Tom Hutchinson of Durham has kindly sent in this postcard which shows both the grand house and the prefab ward which was erected in the grounds. On the rear, a nurse has written the message: "Ethel. That is where I sleep opposite the open door. The rooks make a deuce of a noise. They are building their nests in the trees around the house."

Several people have sent in stories about their families' involvement with the VAD hospital in Etherley, which will be appearing in future weeks – does anyone have anymore?

The Stobart family handed The Red House back to the military for use in the Second World War as a troop billet. It was demolished soon afterwards and now a small estate of houses – called Red Houses – stands on its site.

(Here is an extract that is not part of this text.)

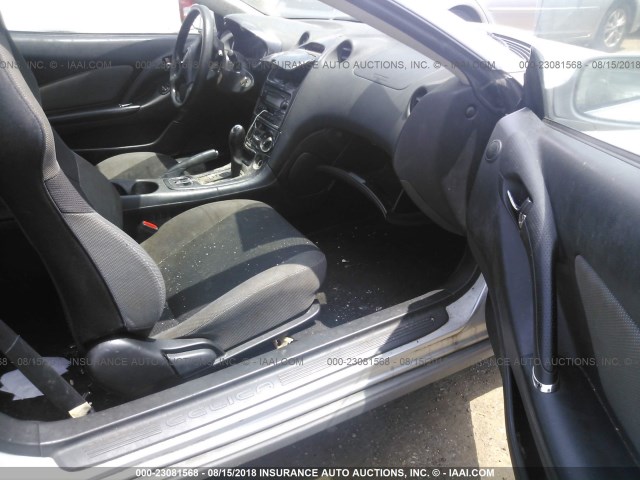 JTDDR32T040174883 - 2004 TOYOTA CELICA GT SILVER photo 5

THERE has been a lot of interest in last week's article about "Ropner's little navy", and we shall be returning to it in future weeks. Many thanks, as ever, to everyone who has been in touch.

One of the questions last week concerned the first four merchant ships that Sir Robert Ropner built when he took over the North Shore shipyard on the Tees at Stockton in 1888. They were called Maltby, Aislaby, Raisby and Thornaby, and established a Ropner convention of naming his ships after Saxon settlements in the Stockton area. Maltby, Aislaby and Thornaby are all south Stockton, but we were perplexed by Raisby.

John Smailes of Durham has been in touch because the answer is contained in his book about Steetley's quarrying operations in the North-East, which we reviewed in Memories 57.

Sir Robert, you will remember, arrived in this country as a penniless German immigrant in 1859, but by 1881he had prospered so well in West Hartlepool that he was able to join forces with other entrepreneurs and buy the Raisby Hill limestone quarries near Coxhoe. One of his partners was Sunderland shipowner Sir John Storey Barwick who celebrated the purchase of the quarries by naming his latests screw steamer "Raisby".

Unfortunately, on Christmas Day three years later, the Raisby was sailing from Singapore to New York with a cargo of tea and silk and Japanese fancy items when it hit an unmarked wreck off Aden. Her crew, passengers and one stowaway were rescued, but the Raisby sunk.

This left the way clear for Sir Robert, when he began building his own ships in Stockton, to name one of his first vessels after his Durham quarry. Sir John and the quarry manager, James Tait, both had shares in the second Raisby.

It sailed the seas, earning them money, for 12 years. But in 1901, this Raisby was wrecked in the Cape Verde Islands in the Atlantic Ocean.

BLOB The editions of local newspapers which reported the May 1918 King's Birthday Honours also reported that Second Lieutenant R Ropner, the son of Robert of Hartburn and the grandson of Sir Robert, was officially listed as missing. The good news is that he appears to have turned up, lucky chap, because no Ropners are listed on the Commonwealth War Graves Commission website.